Predicted bond length variation in wurtzite and zinc-blende InGaN and AlGaN alloys

Valence force field simulations utilizing large supercells are used to investigate the bond lengths in wurtzite and zinc-blende InxGa1-xN and AlxGa1-xN random alloys. We find that (i) while the first-neighbor cation-anion shell is split into two distinct values in both wurtzite and zinc-blende alloys (RGa-N1 not equal RIn-N1), the second-neighbor cation-anion bonds are equal (RGa-N2 = RIn-N2). The second-neighbor cation-anion bonds exhibit a crucial difference between wurtzite and zinc-blende binary structures: in wurtzite we find two bond distances which differ in length by 13% while in the zinc-blende structure there is only one bond length.
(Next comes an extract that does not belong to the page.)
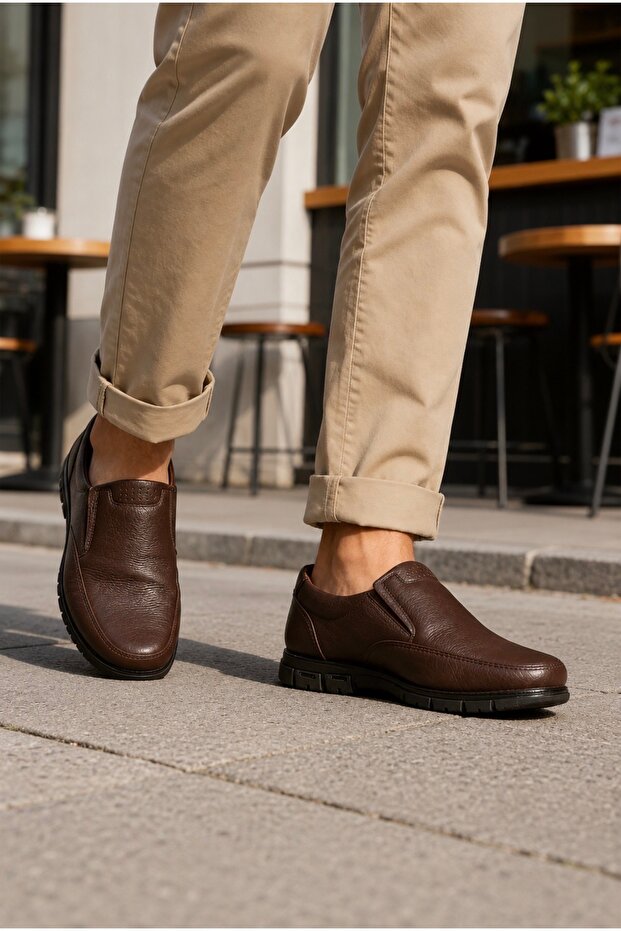 Men's Brown Orthopedic Dad Comfortable Inside and Outside H Genuine Leather Laceless Shoes Vdz03002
This splitting is preserved in the alloy, and acts as a fingerprint, distinguishing the wurtzite from the zinc-blende structure. (iii) The small splitting of the first-neighbor cation-anion bonds in the wurtzite structure due to nonideal c/a ratio is preserved in the alloy, but is obscured by the bond length broadening. (iv) The cation-cation bond lengths exhibit three distinct values in the alloy (Ga-Ga, Ga-In, and In-In), while the anion-anion bonds are split into two values corresponding to N-Ga-N and N-In-N. (v) The cation-related splitting of the bonds and alloy broadening are considerably larger in InGaN alloy than in AlGaN alloy due to larger mismatch between the binary compounds. (vi) The calculated first-neighbor cation-anion and cation-cation bond lengths in InxGa1-xN alloy are in good agreement with the available experimental data. The remaining bond lengths are provided as predictions. In particular, the predicted splitting for the second-neighbor cation-anion bonds in the wurtzite structure awaits experimental testing. (C) 1999 American Institute of Physics. [S0021-8979(99)09601-2].